Wars don't get really impactful on society until you get out of the Middle Ages, and get into the age of absolute monarchs, standing armies, supply depots, and most of all the developing sense by the commoners that they are a part of the political system in some sense - which leads to Nationalism and ultimately Democracy/Republicanism.
 

Sotik

Villager
In what time period would you put the Forgotten Realms in? That's really more or less what my campaign world resembles. I always took the Medieval era to be more in tune with what fantasy worlds represented, but it sounds like it might be more in line with the Middle Ages. Would that be a correct assumption?
 

Umbran

Mod Squad
Staff member
If by Medieval warfare you mean war in Europe during the Middle Ages (which I'll define as roughly from Charlemagne to the Black Death)
I don't dispute that as a reasonable chunk of time to detail. However, for the readers - what historians usually call the "middle ages" is broader, and includes several centuries before this, and a century or so after this.

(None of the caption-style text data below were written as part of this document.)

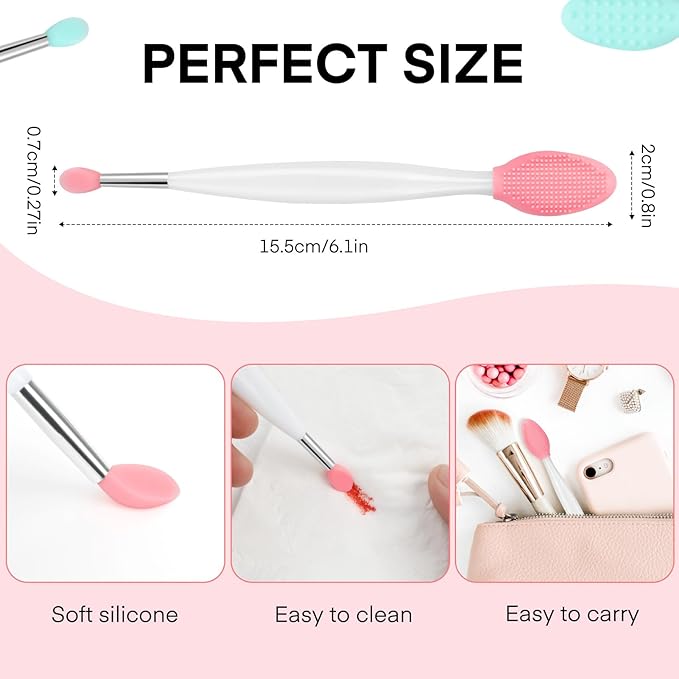 Unaone Lip Scrub Brush - 2 PCS Dual-ended Lip Scrubber Exfoliator and Silicone Lip Brush, 3-in-1 Silicone Lip Scrub Tool Lip Mask Applicator, Gentle Exfoliator & Applicator for Soft-GlimoraGlow
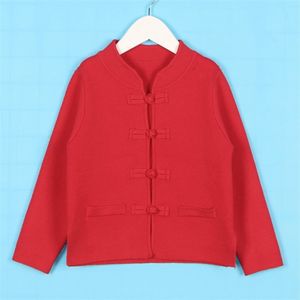 Chinese Style Baby Boys Girls Year Tang Suit Cardigan Coat Children Clothing Long Sleeve Knitted Kids 210521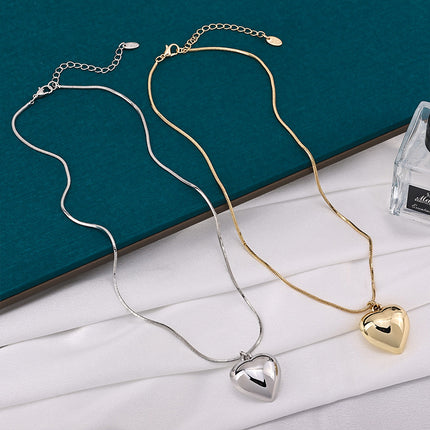 Peach Heart Snake Chain Necklace - FASHION SHEGOODS LLC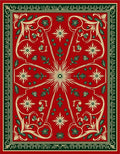 Crimson Green Ivory Floral Sunburst Rug
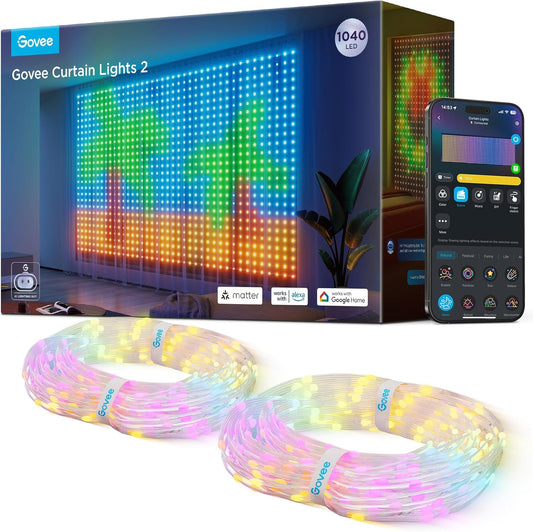 Govee Curtain Lights 2, Smart LED Curtain Light with DIY GIF AIGC, 1040 LEDs, RGBIC Color Changing Christmas Lights for Holiday Bedroom Window Dynamic Decor, Outdoor IP65 Waterproof, 9.8×6.6ft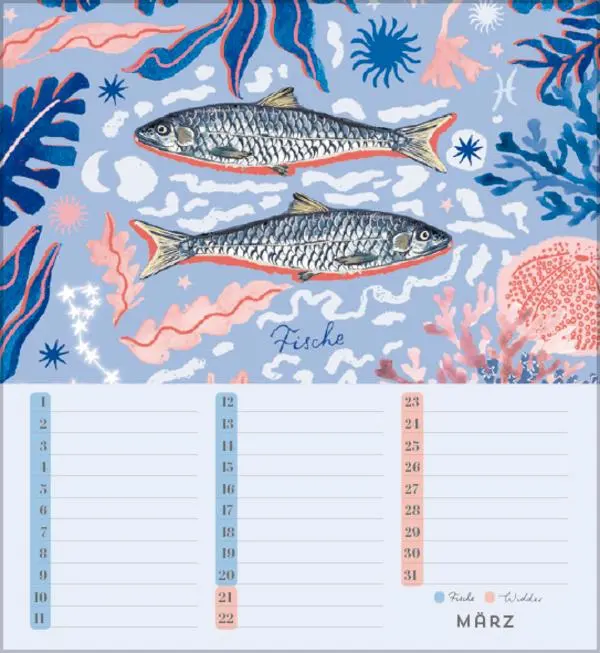 Bild: 9783731890317 | Geburtstagskalender Sternzeichen | Verlag Korsch | Kalender | 13 S.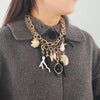 Wholesale Alloy Imitation Pearl Necklace With Animal And Zodiac Shapes And Geometric Patterns Electroplated For Women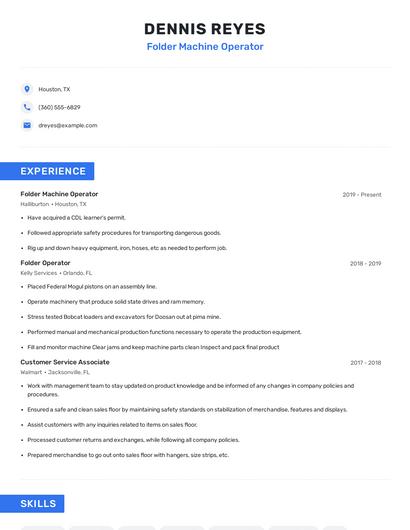 Folder Machine Operator Resume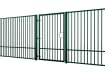 An Angled View of a Green 2.0m Wide EnviroRail Flat Top Single Leaf Gate in a line of railings
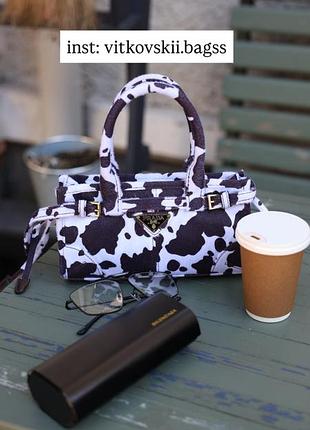 Сумочка bonnie mini printed leather handbag white/dark brown😍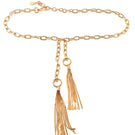 Silvia Gnecchi Ginza Gold thin chain belt with delicate gold links, stylish accessory for elegant outfits.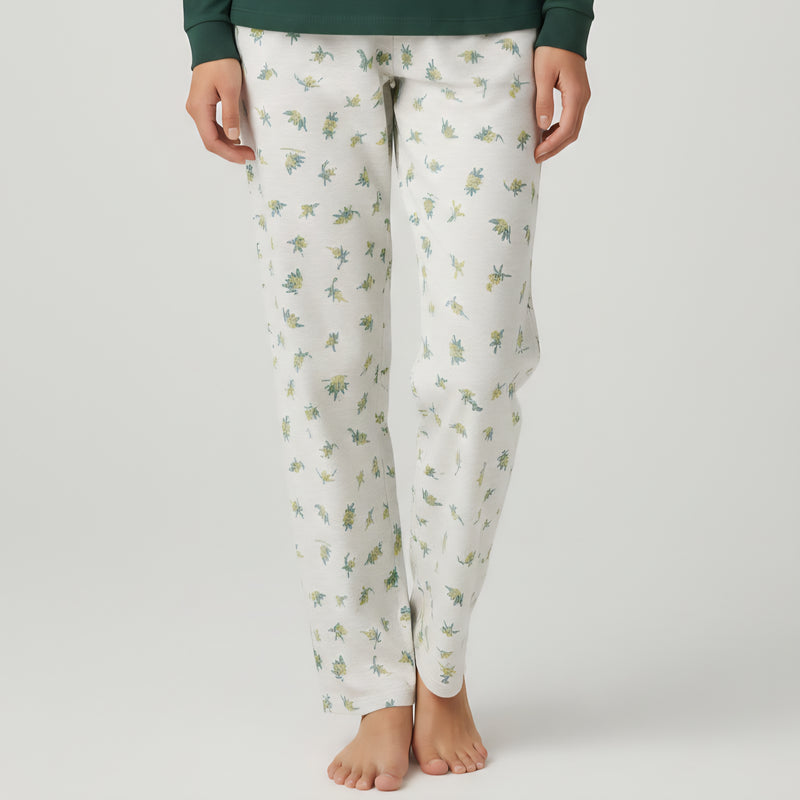 Royal Blue Bicycle Motif Top with Soft Shell-Patterned Lounge Pants Zubaidas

And, similarly I note that we are specifying war in Europe. The Crusades, which ran through this period, were outside Europe, and made much larger use of European infantry - IIRC, the first crusade had something like 5000 cavalry, and 30K to 35K infantry. I think we are also leaving out some of the conflicts of northern Europe which we could reasonably call the Viking period that overlaps the early portion of the period you set. Danes, Norwegians, Swedes, and other folks there has some back-and-forth among themselves that was in a different mode than the rest of the continent.

The impacts of these kinds of conflicts should probably be handled separately.

Medieval warfare was designed to have as limited of effect on the society as a whole as possible.
Well, not destroying infrastructure that they intended to own if they won the war was by design. However, the mode of using mounted cavalry instead of infantry was less intentional and more a simple upshot of having developed the wealth base and technology to field enough knights. There wasn't much point in having a standing army of lightly armored infantry, as knights would cut them to ribbons.
 

Nagol

Unimportant
I don't dispute that as a reasonable chunk of time to detail. However, for the readers - what historians usually call the "middle ages" is broader, and includes several centuries before this, and a century or so after this.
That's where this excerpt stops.